The 5.8 quake struck at 7.19am and was felt as far north as Kerikeri and as far south as Southland.
It was 175 kilometres deep and centred 20km south east of Tokoroa, in the region of the Pacific Plate, one of the most active tectonic belts in the world.
It is not unusual for quakes of this magnitude and depth to occur on that plate boundary in the Tokoroa region, GeoNet duty officer, seismologist Anna Kaiser, said.
It was typical for such quakes to be felt throughout the country and particularly on the east coast, she said.
"It's typical with these types of earthquakes because it's occurring within the subducting slab. The waves travel along this material which means it can be felt at the surface or throughout quite a wide area."

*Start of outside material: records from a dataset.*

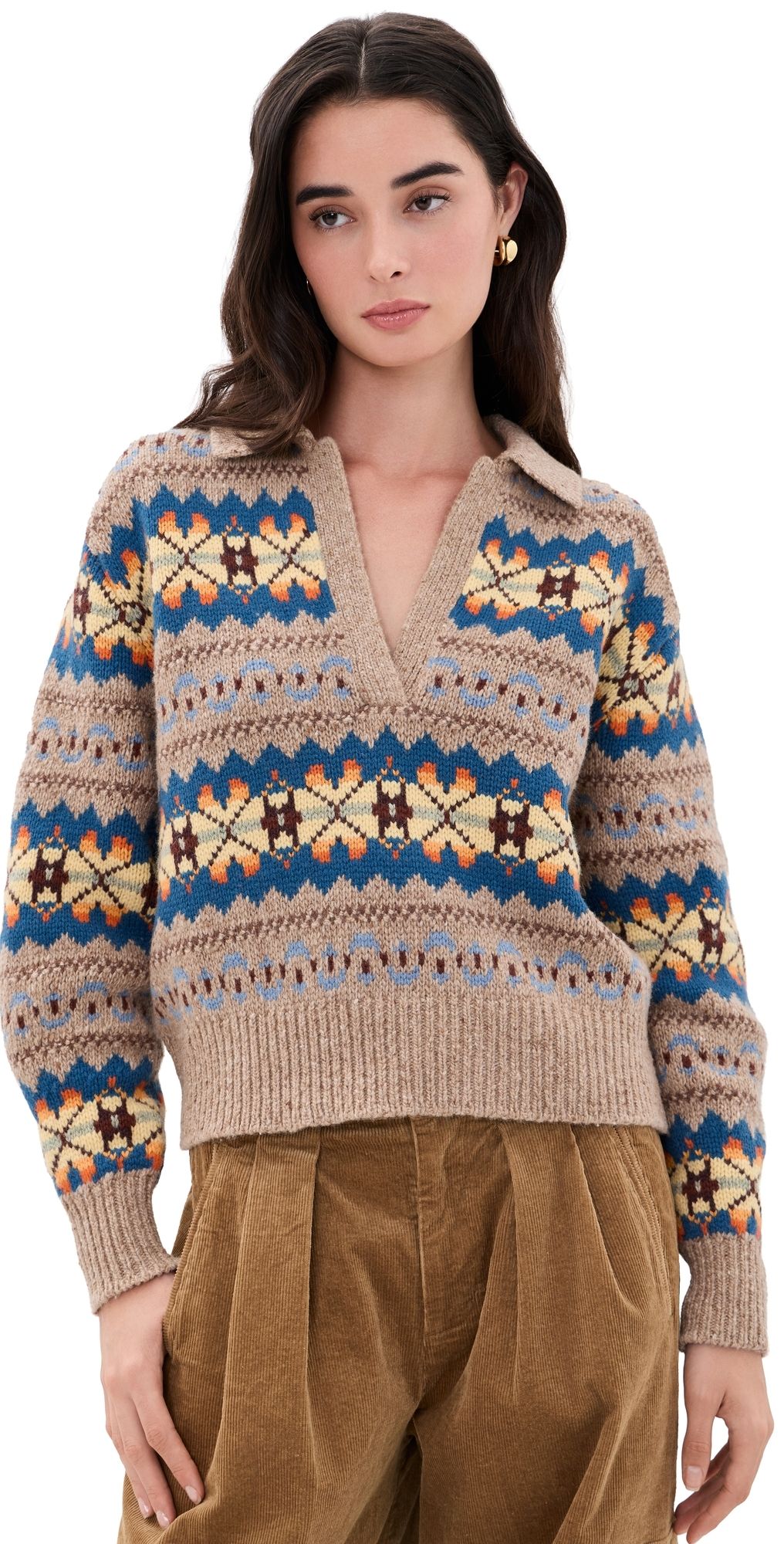 Polo Ralph Lauren Wool Blend Collared Sweater Tan Multi XS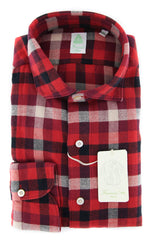Finamore Napoli Red Check Shirt - Extra Slim - 16.5/42 - (FN830176)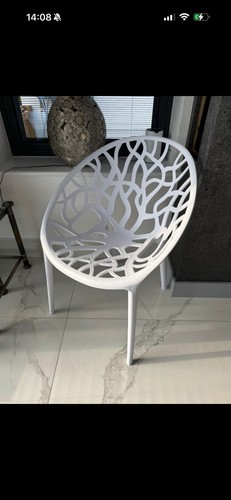 Sturdy white plastic egg chair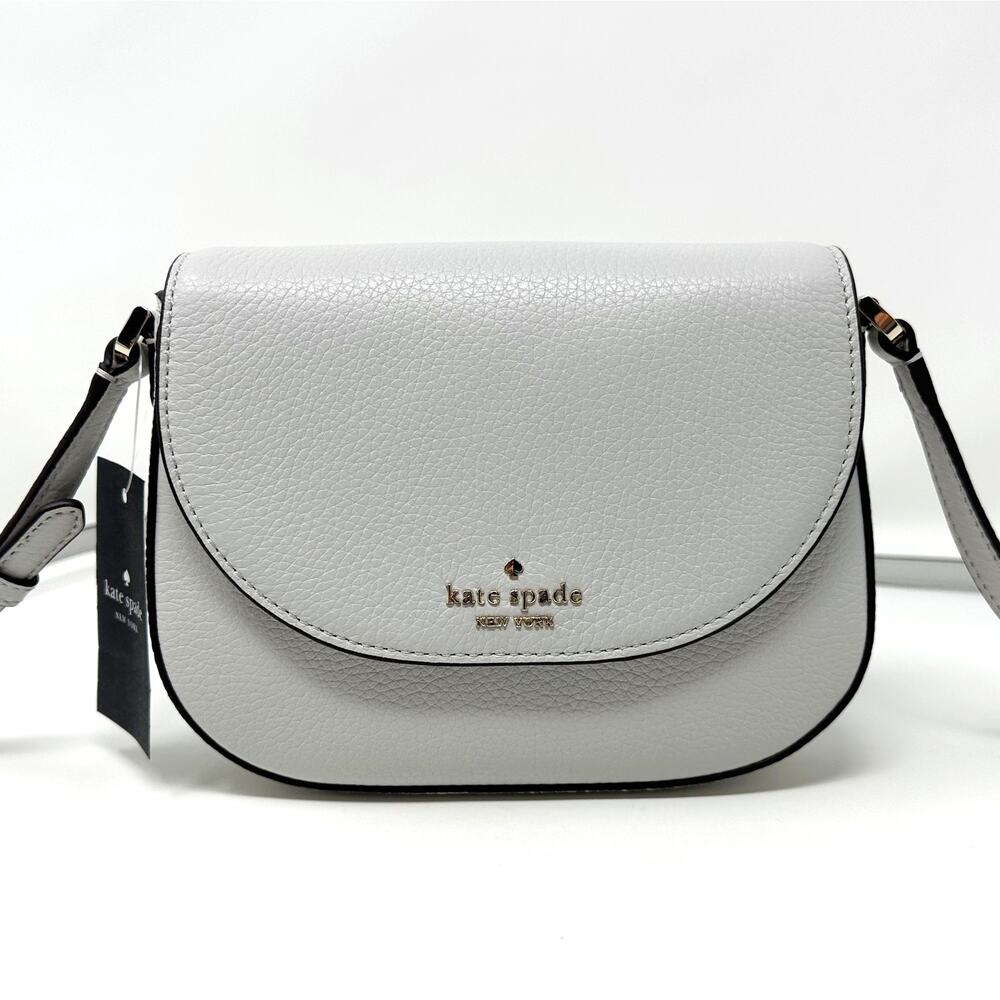 Kate Spade Leila Mini Flap Crossbody Purse in Quill Grey Leather wlr00396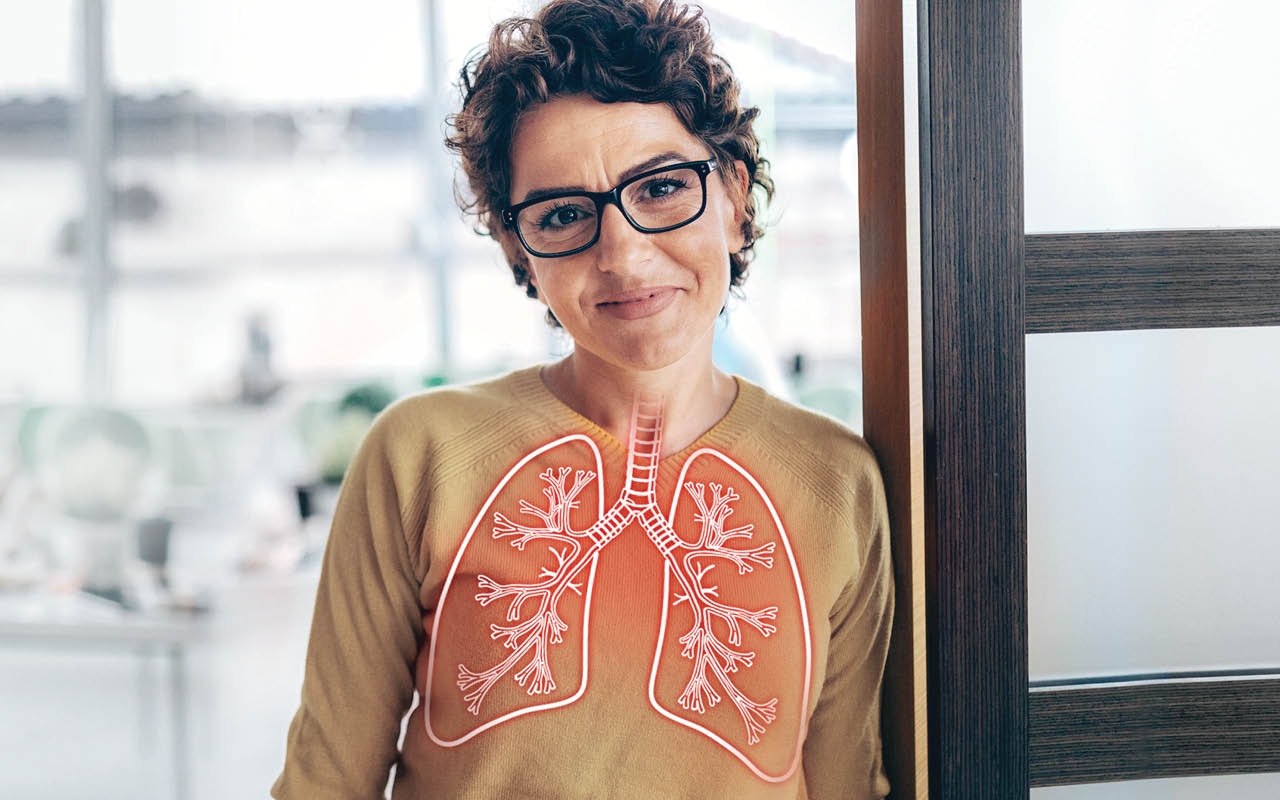 Illustration of woman with lung drawing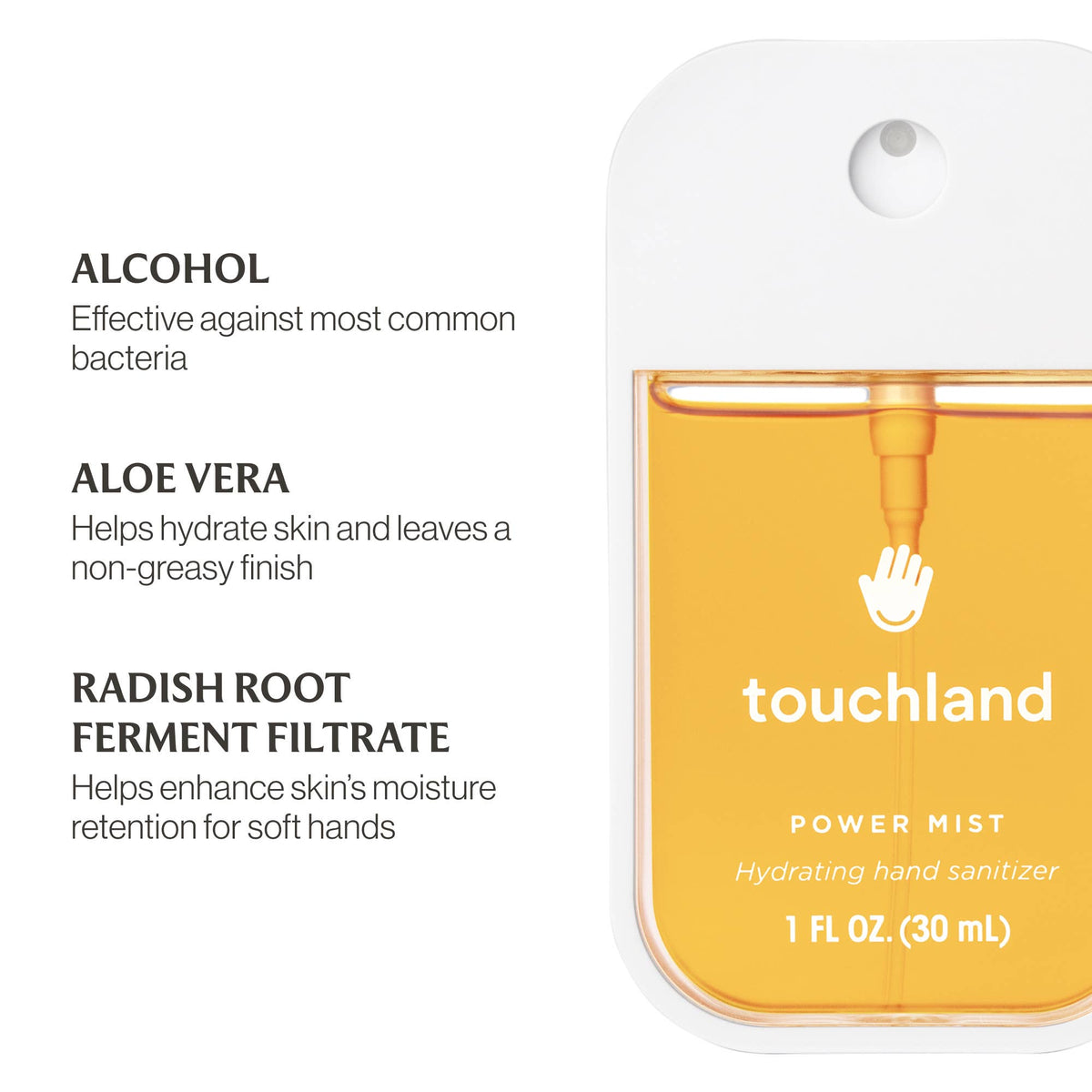 Touchland power mist hand sanitizer with ingredients listed on a white background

A 7.3 quake which triggered a one-metre high tsunami in Japan yesterday was understood to also on the Pacific plate margin, Kaiser said.
New Zealand's 5.8 quake has been followed by at least 10 smaller tremors in the same region.
Nearly 10,000 people reported feeling the 5.8 quake on the GeoNet website.
A Greymouth resident described the quake as a "constant rolling motion", which lasted for about 10 seconds.
Amber, who is based in Hawke's Bay, said her kids rolled a marble down the hallway, so she assumed the piles had moved as well as the house.
Peter Fraser, based in Belmont Hills in Wellington, said it felt like a digger had gone past the house, and Laurel Baird, in nearby Tawa, said it felt like a huge truck at first, but then got "louder and louder".
"Then the rolling began. It felt like a long time," Baird said.
The quake wasn't described as violent, but people have said beds shook against walls, some ornaments fell from shelves and they were frustrated at being awake - having hoped for a Saturday sleep in.
The magnitude 5.8 quake was one of dozens of quakes, ranging from magnitude 1.2 to 5.8, so far today, according to GeoNet. Most would have been unnoticed but GeoNet described some as weak and the 5.8 as moderate.
GNS head of volcanology Gill Jolly said there was no concern that this morning's quakes would increase the risk of an eruption at either Ruapehu or Tongariro.
A swarm of earthquakes beneath Tongariro preceded the August eruption and a series of quakes have also occurred near Ruapahu in recent months, but seem to be dying down, Jolly said.